May 22, 2019 By Christian Murray
Council Member Jimmy Van Bramer said that he is going to approve a rezoning application for a site on corner of Northern Boulevard and 34th Avenue since the developers have agreed to scale down their proposal.
Developers Ashley Young LLC and John Young Associates have been given the all-clear by Van Bramer to build a 10-story, 187-unit building at 47-15 34th Ave., a site that is currently home to Popeyes, a Sushi restaurant, a tire shop, a Kumon learning center and a house of worship.
The rezoning is currently undergoing the public review process, or ULURP, with the City Council being the only real obstacle left that can block the application. Van Bramer said that with his clearance the council will vote in favor or the rezoning. The City Planning Commission approved it last month.
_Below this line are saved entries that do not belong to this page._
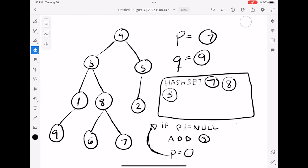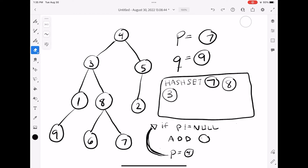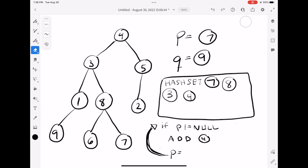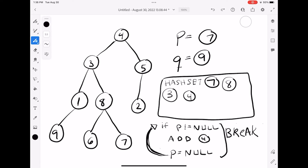Add four to the hash set, then set P to its parent — which is the root's parent, null. P is now null, so the while loop breaks. At this point the hash set contains: seven, eight, three, and four.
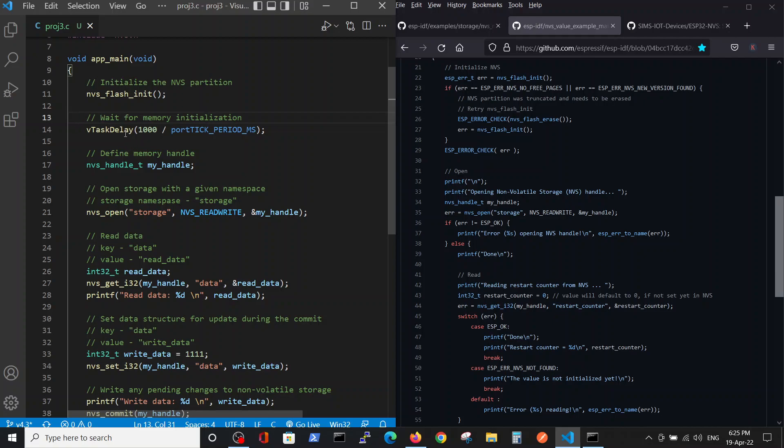We define the handle, because in every task that we do, the handle is very important for different processes inside ESP. So we define the relevant handle of the NVS handle, and then we open inside as a partition inside the flash memory. We open a so-called namespace.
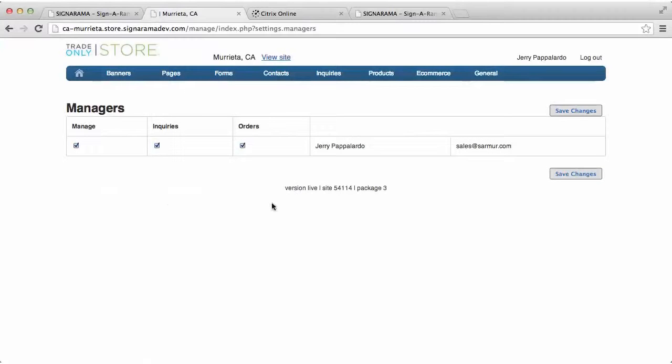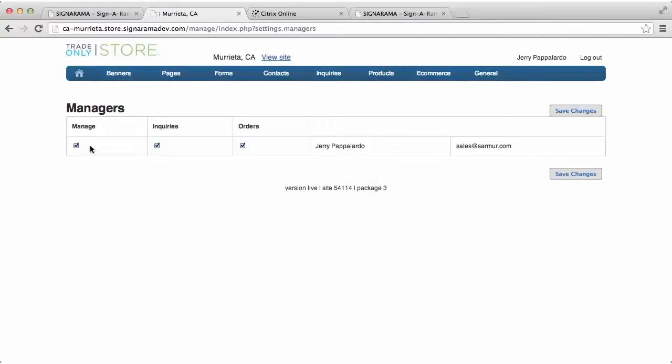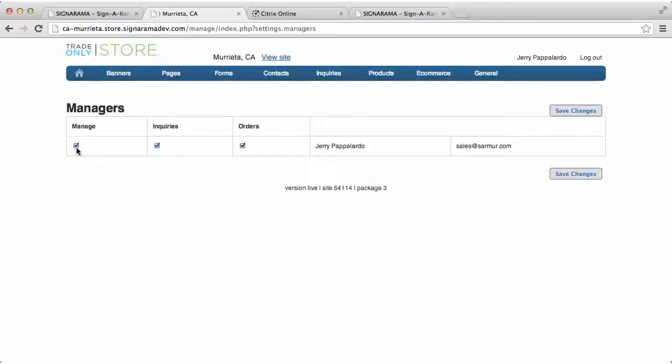And this is where you would designate what various members are able to do or view. If they're checked as a manager, that means that they have back-end access to this management area and they can make edits and changes to the content and layout of your site.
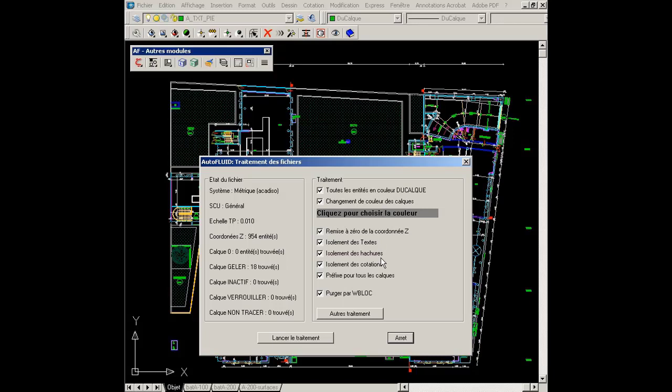On this side you'll find the treatment options such as color change, reset z-coordinate to zero, isolate hatches, dimensioning, and many other options.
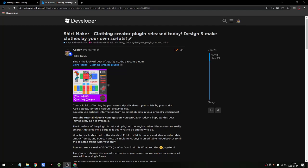Hello guys! Today I'll show you my recent plugin, the Shirt Maker or Clothing Creator. This plugin will help you to design and make clothes by your own scripts in Roblox Studio.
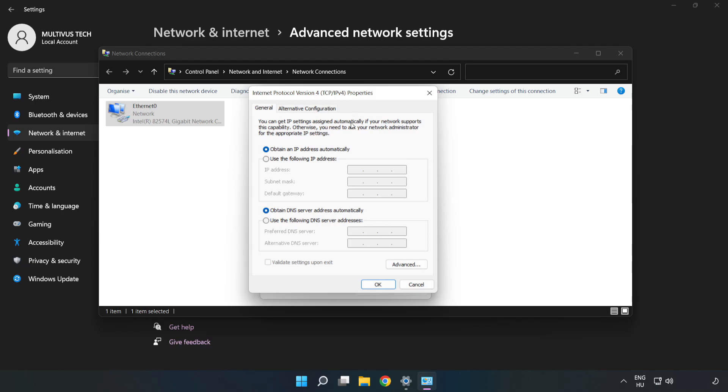Click Use the Following DNS Server Addresses. Type 8.8.8.8 in the first field, then type 8.8.4.4 in the second field.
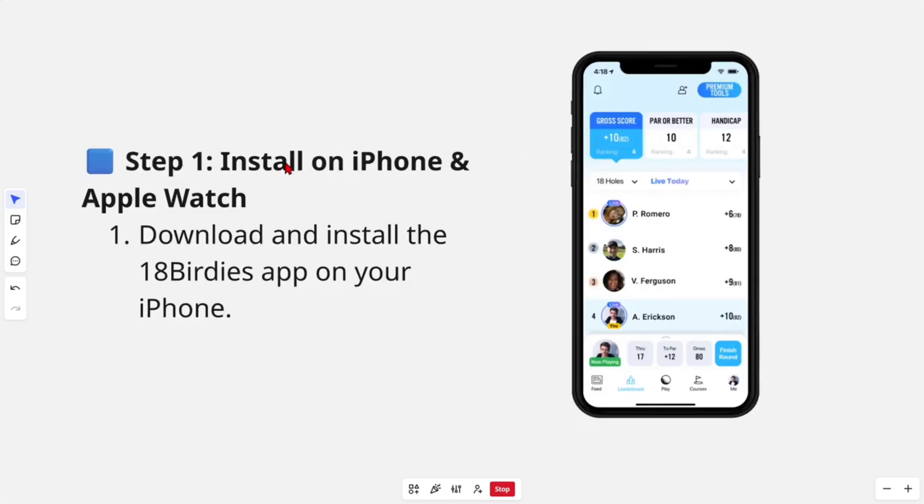Okay, the first step is to install on your iPhone and Apple Watch. The first thing we need to do is download and install the 18 Birdies app on your iPhone first.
The developers initially filed plans to build a 14-story, 201-unit building, which included 61 affordable units. They applied for the property to be rezoned R7-X, with a C2-4 commercial overlay. The site is currently zoned C8-1, which does not permit residential use and building heights are limited to about two stories.
The initial plan was rejected by Community Board 1, an advisory body that deemed the project too big. Additionally, the board argued that the income levels proposed for the affordable units—to be set at 80 percent of the Adjusted Median Income ($85,360 for a family of four)—was too high.
Van Bramer said that he will approve the application since the developers have agreed to limit the building to 10 stories and 187 units. Furthermore, he said, they have pledged to offer about 40 units at 60 percent AMI ($64,020 for a family of four) and approximately 20 units at 80 percent of the AMI.
“The proposed plan at 34th Avenue…will produce meaningful affordable housing, most of which will be at 60 percent AMI,” Van Bramer said. “The current agreement provides deeper affordability than originally proposed. Furthermore, the developer has agreed to concessions to reduce the height of the buildings to 10 stories from the initial 14. Queens Community Board 1 sought a building no greater than 10 stories and we have achieved that here.”
Van Bramer said that residents at nearby Woodside Houses, including Tenant Association President Annie Cotton-Morris, backed the plan.
“Their feedback and approval is important to me,” Van Bramer said. He noted that there will be space dedicated to the local non profit Urban Upbound, which provides services for underserved adults and children, free of charge. Furthermore, the SEIU 32BJ supports the project.
The development will also include ground floor retail space and 77 off-street parking spaces.
People need to stop complaining about not being able to afford the rising rent prices. This is New York City. Living in the greatest city in the world comes with a price. If you can afford or want to pay the rising prices then it’s simple. LEAVE NYC STOP COMPLAINING ABOUT THE PROGRESSIVE CHANGE.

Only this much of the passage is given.